Bezahlte Sprachkurse und Zugang zum Arbeitsmarkt gibt es nur für jene, die bereits den Asylstatus haben. Für die große Mehrheit aber, deren Asylansuchen in den Mühlen der heimischen Bürokratie steckt, gibt es hingegen praktisch nichts. Sie sind auf private Initiativen angewiesen. Auf die Behörden könne man sich da nicht verlassen, klagten kürzlich in Oberösterreich private Helfer. Unterrichtsmaterialien etwa müssen sie sich selbst zusammensuchen und oft aus eigener Tasche bezahlen. Auch nach Monaten gibt es keine Unterlagen oder Leitfäden, die den privaten Helfern zur Verfügung gestellt werden. Es gibt kaum Plattformen für den Erfahrungstausch, schon gar nicht vom offiziellen Österreich.

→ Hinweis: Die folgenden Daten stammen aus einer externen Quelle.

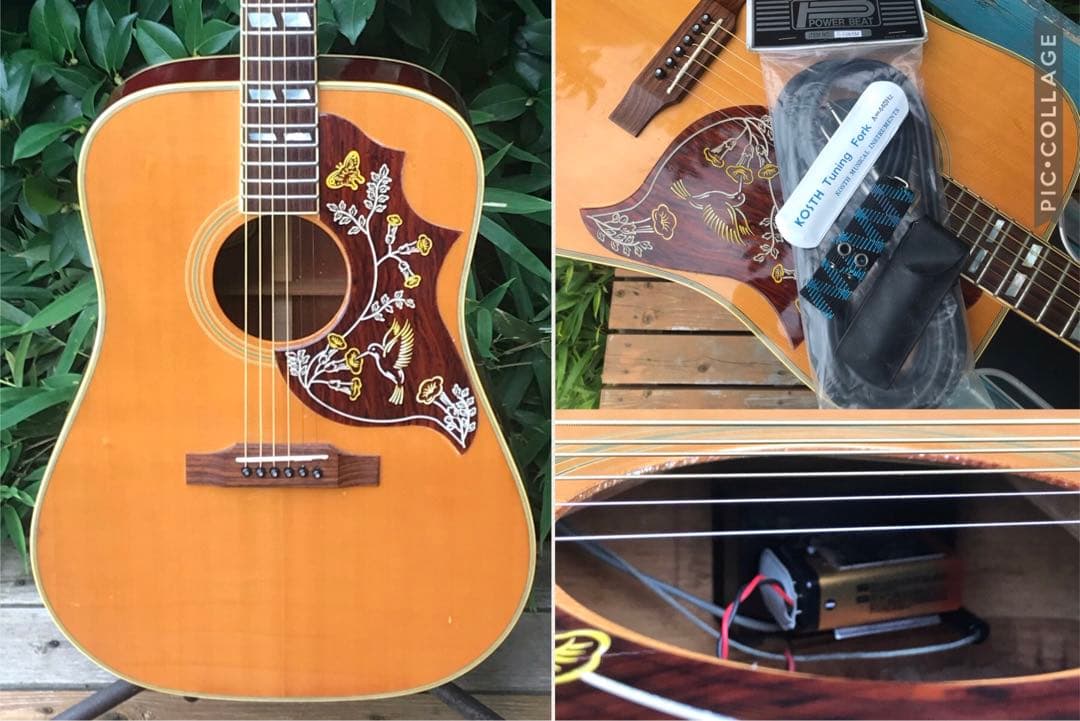 Orville by Gibson HB W/PU byギブソン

Und es gibt auch kaum wo ein professionelles psychologisches Angebot für die vielen zum Teil schwer traumatisierten Menschen aus Syrien, dem Irak oder Afghanistan, die mit ihren Problemen alleine fertig werden müssen.

Die Flüchtlinge müssen nicht nur damit fertig werden. Sie spüren, dass ihnen zunehmend Reserviertheit und immer öfter auch offene Ablehnung entgegenschlagen. Sie spüren, dass sie zunehmend alleine sind in diesem Land und sie leiden darunter, dass es für sie weder ein vor noch ein zurück zu geben scheint.

Genau darin liegt der soziale Sprengstoff. Und genau darin liegt auch die Herausforderung, die Integration dieser Menschen endlich ernsthaft in Angriff zu nehmen. Es ist daher hoch an der Zeit, sich dieser Aufgabe zu stellen. Sie ist langfristig viel brisanter, als die Suche nach Möglichkeiten, den Zuzug zu begrenzen. Denn immer drängender wird die Frage, wie alle diese Männer und Frauen und Kinder in das österreichische Leben und in unsere Gesellschaft und Arbeitswelt so integriert werden können, dass sie dem Staat nicht, wie jetzt so viele befürchten, nur Last sind. Davon ist man weit entfernt. Sehr weit.